We addressed this problem by adding a thin layer of sand and drawing a line in it. All code written to use an ABI that was written to a newer "stable" base-level would make a system call (we used traps) that identified the version of the ABI it expected. All of the old tasks that did not use a newer ABI would not make the call, and would be assumed to be of the oldest ABI tracked. If the ABI associated with a task was older than the current ABI, an emulation layer that logged the obsolete usage, but still serviced the task by emulating the ABI in question (we used a jump table for this, and had one for each "supported" ABI built in to the kernel). For development, this worked pretty well. Once all of the required functionality was implemented, we used the logs to locate all of the places where the old ABI was used and fix them, then we turned this feature off for the later testing and production builds. We actually left the select ABI system call in place (a no-op for production builds) in each of the tasks so that this could be used in future upgrade cycles.

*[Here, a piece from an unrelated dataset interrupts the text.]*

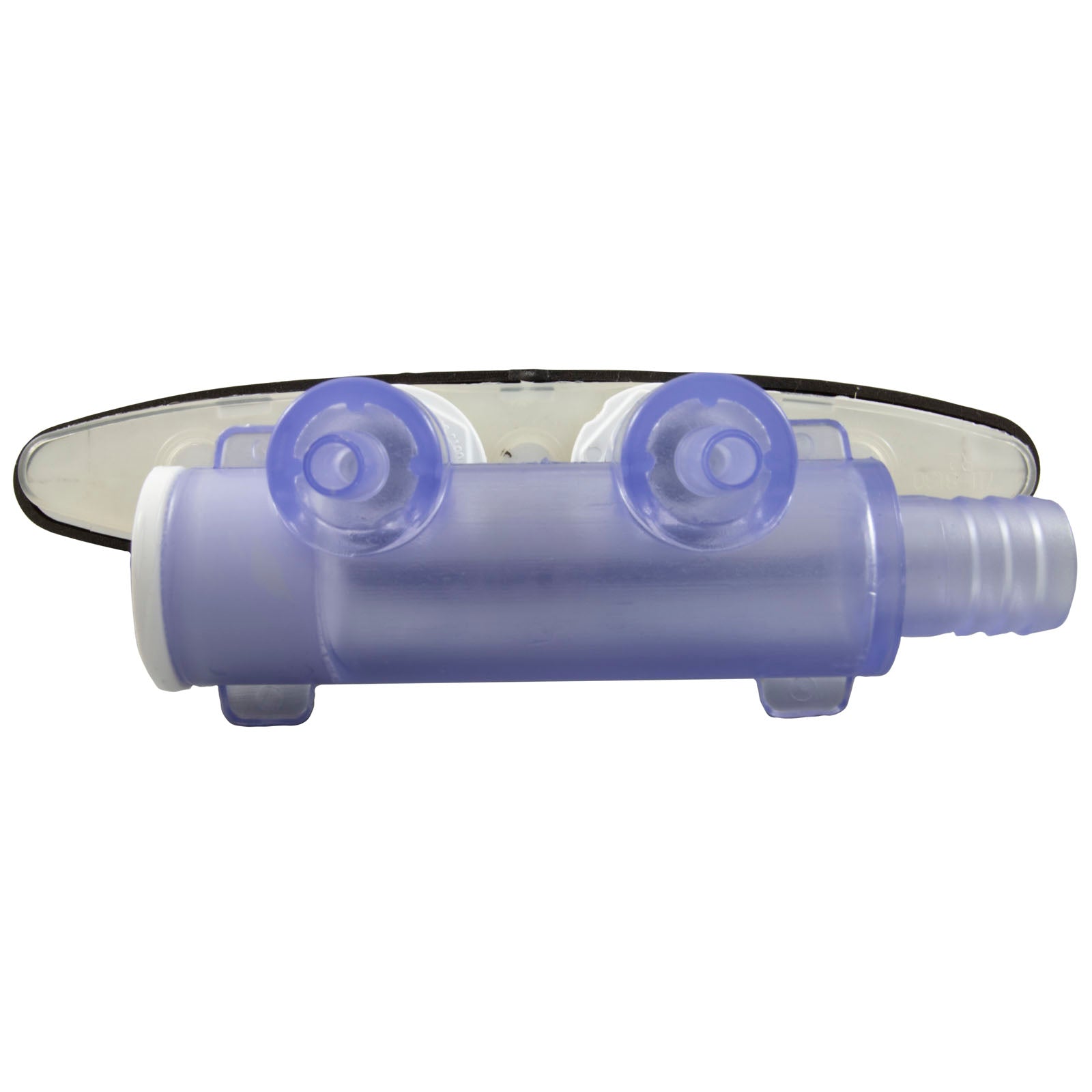 WATERWAY PLASTICS Waterway Plastics 675-3669-DSG 7 Cascades Assembly with Manifold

This cannot be applied to Linux user-space as easily as it was to a small-ish project with under 15 engineers working on it, and I see no way for sysfs changes to be shielded this way (though changes in data structures within sysfs might, with a *lot* of work, be automatically translated in some cases). If a new system call was added to the ABI that registered some base-level compatibility (could be subdivided down to the specific feature or driver level), a table in the TCB could be used to determine how to handle the call. A set of hooks to log deprecated ABI usage could be added so that developers could isolate the ABI changes and get the maintainers of packages that depend on the older ABI to fix them.
I'm not suggesting that this should be done, just that there is a way to design for forward migration in the ABI. There are performance issues with this approach, and it may be harder to do with the context switch mechanism in Linux than it was with the trap instruction based context switch that we were using.